Früher habe ich Geld als Gut verstanden, das hauptsächlich bei anderen auf dem Konto liegt. Heute weiss ich, dass Geld als unglaublicher Katalysator wirkt. Je weniger man zur Verfügung hat, desto stärker ist die Hebelwirkung, wenn einem plötzlich ein paar Tausend Franken zur Verfügung stehen. Ein Beispiel kann ich trotzdem machen. Das Geld von Ting hat eine junge Frau nebst der Umsetzung ihrer Idee dazu bewegt, ihren aktuellen Job zu kündigen, in eine andere Stadt zu ziehen und ihren Beziehungsstatus zu ändern. Gleichzeitig hat sie aufgehört, Nägel zu kauen und Alkohol zu trinken; dafür treibt sie jetzt regelmässig Sport. Das Wegfallen von existenziellen Ängsten wirkt als enormer Treiber für die Gesundheit der einzelnen Person, letztendlich aber auch für die Gesellschaft, da Energie frei wird für konstruktive Leistungen.

Was sind die nächsten Schritte und Zukunftspläne für Ting?

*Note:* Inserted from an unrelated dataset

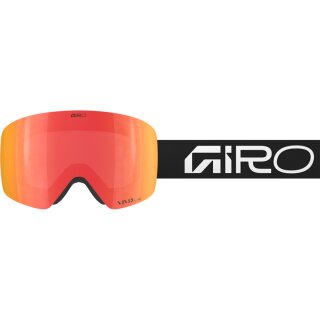 Giro Contour Wordmark Black/White vivid ember/vivid infrared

Wir brauchen genügend Mitglieder, um selbsttragend und unabhängig zu werden. Bis Ting zu 100% eigenfinanziert ist  bzw. wir unsere Löhne und Verwaltungskosten selbst erwirtschaften können (aktuell sind wir bei 50%), sind wir auf die Unterstützung von Förderpartner/innen angewiesen. Die passenden zu finden ist wie die Suche nach der Nadel im Heuhaufen, denn wir stehen mit unserem neuen Ansatz etwas quer in der Förderlandschaft. Wir sind ein zivilgesellschaftliches soziales Unternehmen. Diese Kategorie, obschon es davon in Zukunft noch viele mehr geben wird, ist pionierhaft. Die Strukturen dafür sind in der Schweiz noch nicht geschaffen. Darum halten wir Ausschau nach vermögenden Privatpersonen, die den Wert unserer Arbeit erkennen und willens sind, ihr Geld in unser Leuchtturmprojekt zu investieren.

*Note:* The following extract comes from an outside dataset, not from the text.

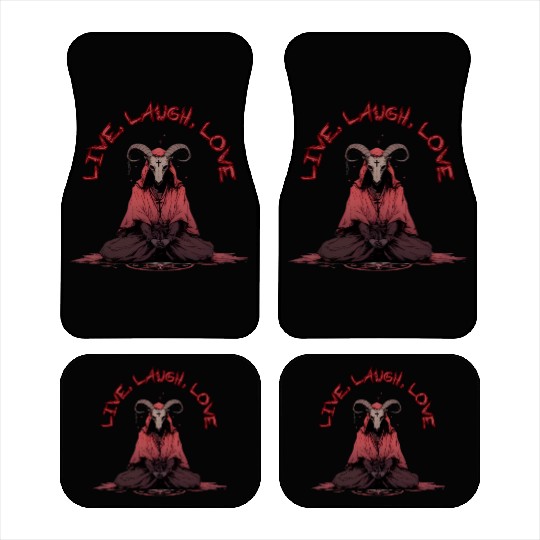 Live, Laugh, Love Baphomet Car Mats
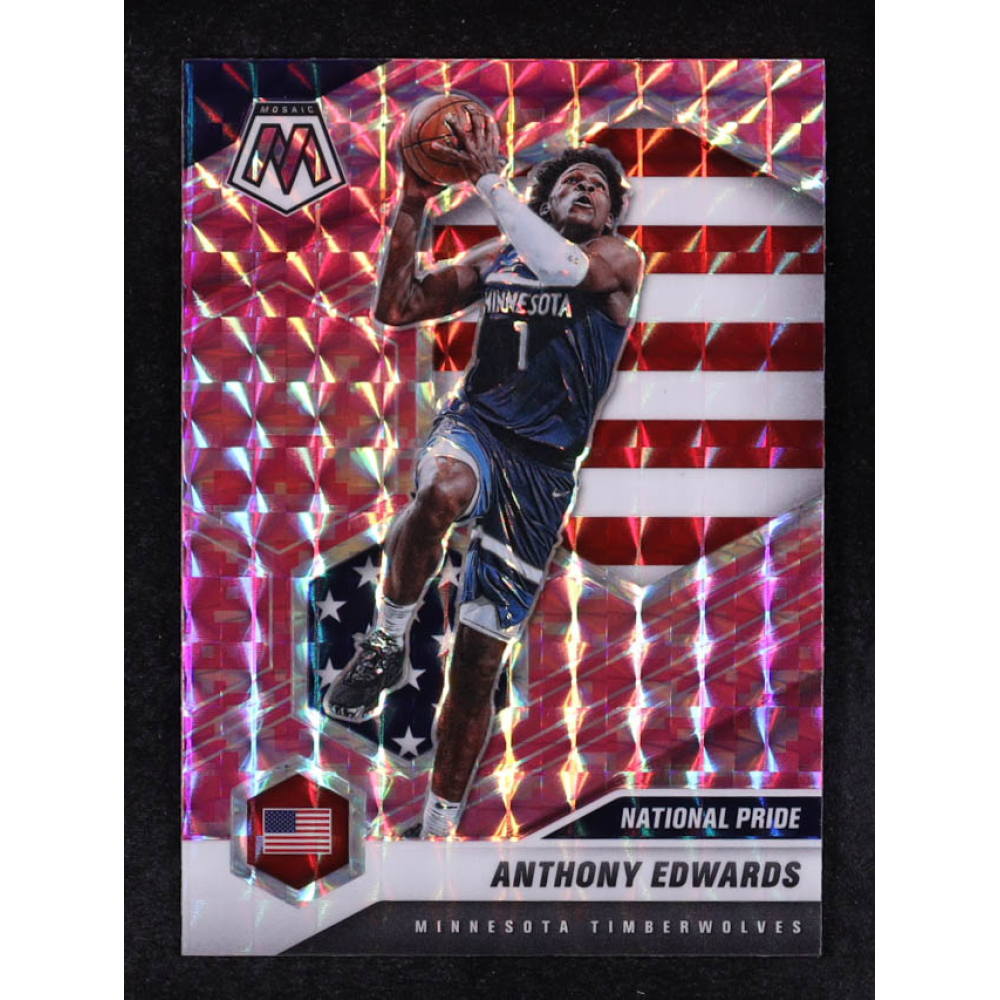 Anthony Edwards 2020-21 Panini Mosaic Mosaic Camo Pink #252 NP RC at PristineAuction.com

Zudem lancieren wir unser Firmenangebot; Unternehmen ermöglichen durch ihre Mitgliedschaft bei Ting ihren Mitarbeitenden, sich zu entfalten und können dadurch die Mitarbeiterzufriedenheit positiv beeinflussen. In Zeiten des Fachkräftemangels und einer neuen Generation auf dem Arbeitsmarkt, die nach Sinnhaftigkeit strebt, ist das ein wichtiger Motivationsfaktor.

Seit Anfang 2024 sind Sie mit disuite als selbstständige Coachin tätig und unterstützen Personen in ihrem «Grössenwahn», wie auf Ihrer Homepage zu lesen ist. Brauchte es für diesen Schritt viel Mut, und welche Motivation steckte dahinter?

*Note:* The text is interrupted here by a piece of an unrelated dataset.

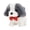 Grey, variant on Brown Electric Walking Barking Plush Dog Toy, Simulation Pet For Kids, Interactive Companion Bow Accent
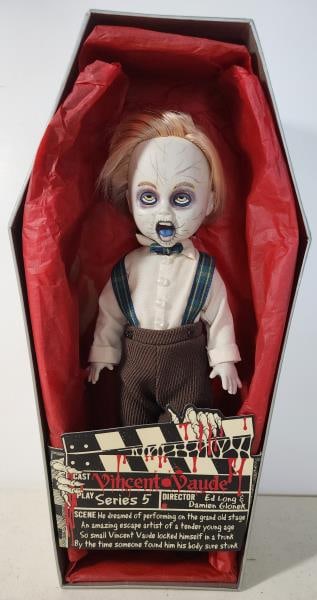 Living Dead Dolls Vincent Vaude Doll: Featuring The Living Dead Vincent Vaude 10" Doll In The Original Box.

Mut brauchte es nicht sonderlich. Ich liebe diese Arbeit. Der Moment zum Beispiel wo, man sieht, dass eine gestellte Frage auf fruchtbaren Boden fällt und das Gegenüber dadurch neue Perspektiven erkennt, ist unbeschreiblich schön. Mir liegt sehr viel daran, das innewohnende Feuer meiner Kundinnen und Kunden zu entfachen. Oft haben sie schon eine vage Vorstellung davon, wer sie sein könnten. Sie haben eine Hoffnung, aber wagen nicht, nach den Sternen zu greifen. Manchmal, weil die Ressourcen fehlen, oftmals aber auch, weil Ehrgeiz je nach Sozialisation negativ konnotiert wird. Bei mir nicht. Je kühner der Traum, desto mehr Spass habe ich in meinen Sessions.

Wie unterstützt die Coaching-Haltung Ihre Arbeit oder Ihr Leben allgemein? Welche konkreten Tools und Methoden wenden Sie an?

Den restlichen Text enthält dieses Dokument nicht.